Work to be completed: Write the entries out again exactly as they stand, but without the pictures.

··· The records

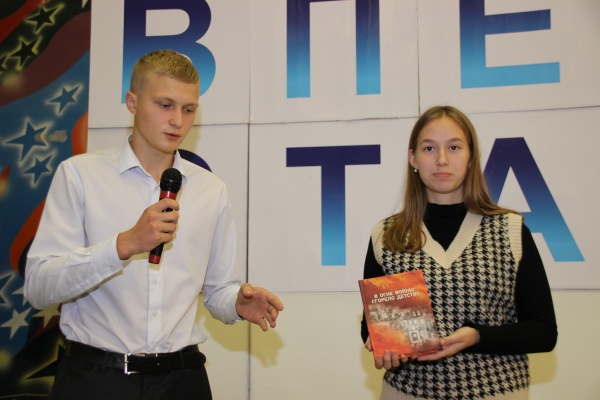 представление площадка3.JPG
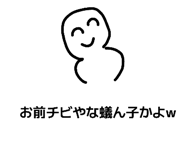 839717536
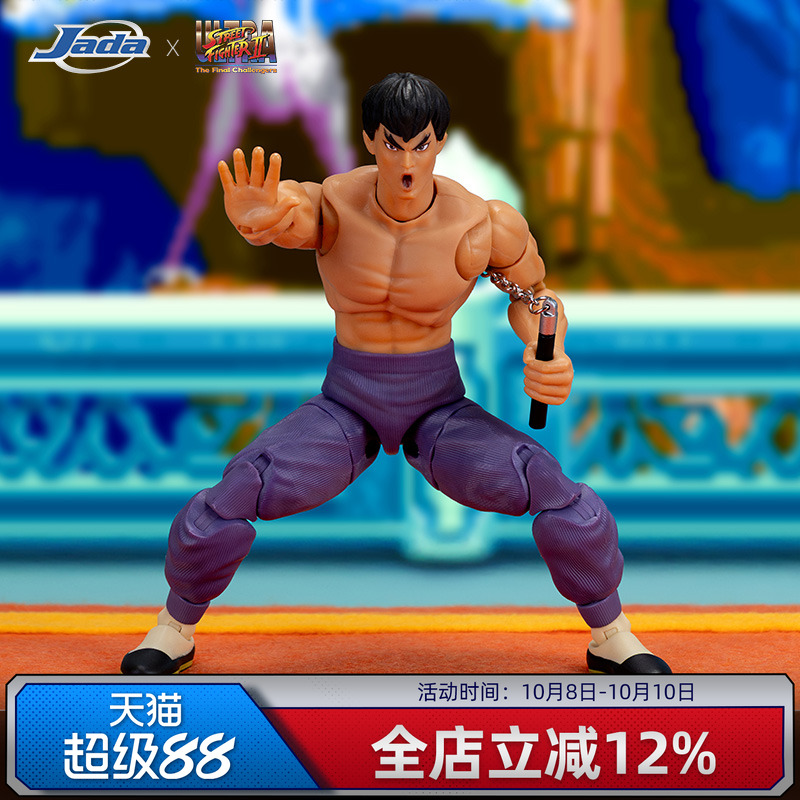 现货 Jada toys 街头霸王2  1/12 SDCC限定 飞龙 异色6寸可动手办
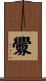 釁 Scroll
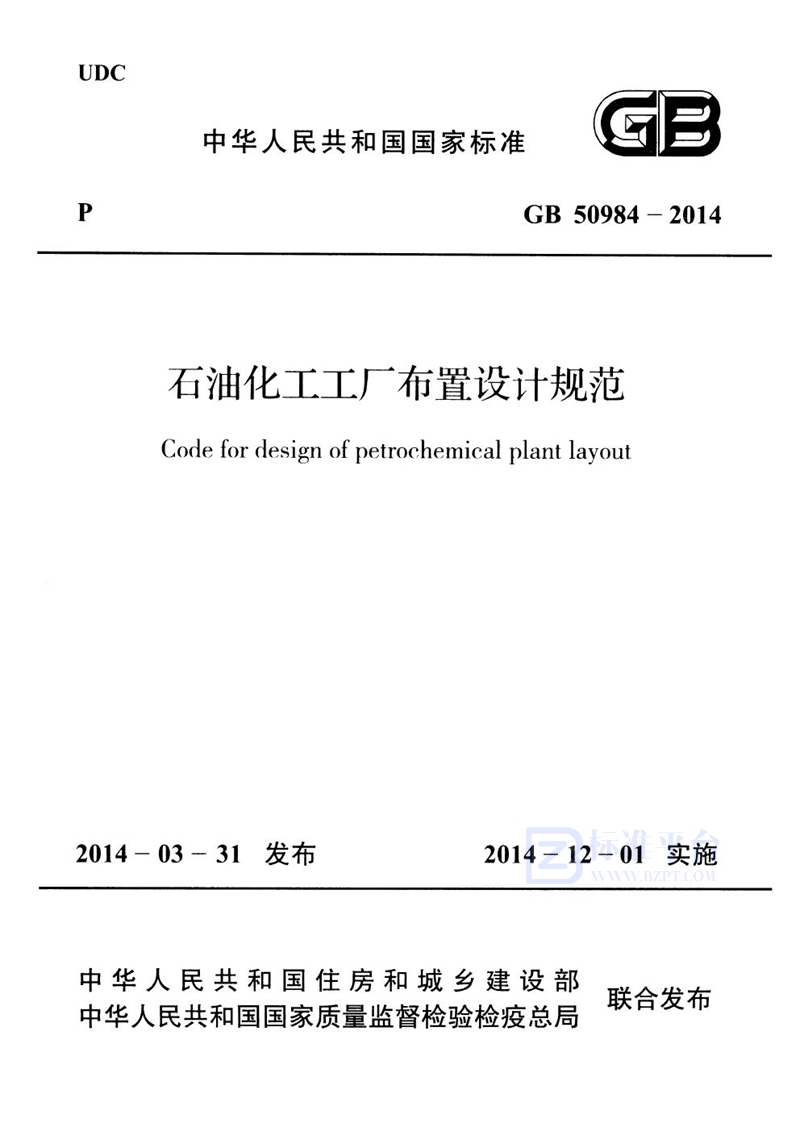 GB 50984-2014石油化工工厂布置设计规范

······

Written solution:
 представление площадка3.JPG
 839717536
 现货 Jada toys 街头霸王2  1/12 SDCC限定 飞龙 异色6寸可动手办
 釁 Scroll
 GB 50984-2014石油化工工厂布置设计规范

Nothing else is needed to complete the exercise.